Though I do agree on the music and the camera to a certain extent. The music was just a lot of wasted potential. I mean, Castlevania games have about the best music in any videogame franchise ever most of the time and what we get here just doesn´t cut it. Not at all. The cam...well, it´s shaking all the time for no reason. Other than that I had no complaints about it.
I intended for my response to be shorter, but things really took off once I got going:


The camera pisses me off because nearly every fight has been a case of me being just far enough from the camera and surrounded by just enough small, fast-moving enemies that the fights look like an argument between colored thumb prints. Plus, I find the sudden shifts in camera angles to be a bit disorienting, especially when the transition areas are placed near a fight.

As for the copying, a couple other reviews put it best: it's like they copied popular games without understanding what it was about those games that made them popular.

You've got combat from GoW, but the enemies overuse annoying attacks, in particular the ground pound that you have to avoid by jumping. Plus, buying more elaborate combos is all but pointless because they don't do that much more damage and pulling off long combos is too difficult on account of the nonstop blocking/dodging/countering from the enemies.
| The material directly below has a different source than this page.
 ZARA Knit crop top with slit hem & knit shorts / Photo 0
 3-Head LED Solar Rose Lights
Then you've got the platforming and puzzle-solving from Prince of Persia. The problem with the platforming is that it holds your hand so much that it's little more than a slower version of walking to the next area. And the puzzles break up the action even more, but the game gives you the option to just solve them immediately in case you're getting bored. If the game had intense combat, I could see the reason for them including this stuff to give you a little break, but combat is just annoying, and then you have these boring interludes between battles.
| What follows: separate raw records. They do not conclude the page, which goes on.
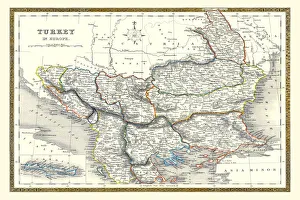 Old Map of Turkey in Europe 1852 by Henry George Collins Old Map of Turkey in Europe 1852 by Henry George Collins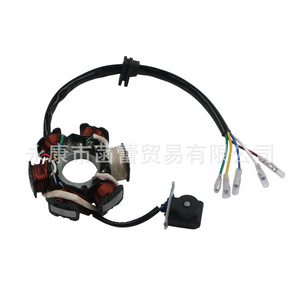 Bobina de Estator de Magneto de 6 Polos para Motocicleta, Piezas para Vehículos Todoterreno, Bobina de Magneto de Cabeza Suelta C110-6, Relé para Sistemas Eléctricos - Product Image 3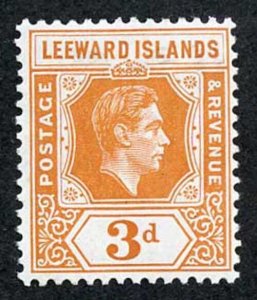 Leeward Is SG107 KGVI 3d orange chalky paper Fresh M/M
And then there's the Shadow of the Colossus boss battles. Again, you've got an entertaining game element, but done in a terrible way. In SotC, the boss battles were epic because of the scale of things, but they were all the moreso because you had the anticipation of hunting down these large creatures beforehand. That way, you didn't get bored with slowly scaling and stabbing them. In contrast, putting such a battle in a action game, and dumbing down the entire affair so you're proceeding along a linear path looking for shiny spots so you can hit the magic context button, just slows things down even more, and that's when you're not getting shaken off and have to start things over again.


There's all that, plus the added bonus of having name-only references to Castlevania. Only the names of a few characters have made it in (Belmont, Cornell, Olrox, etc). The characters they were attached to have not. The best is Gabriel himself: in the game, they explain that he isn't even a Belmont; he just named himself "Belmont" because he thinks mountains are cool!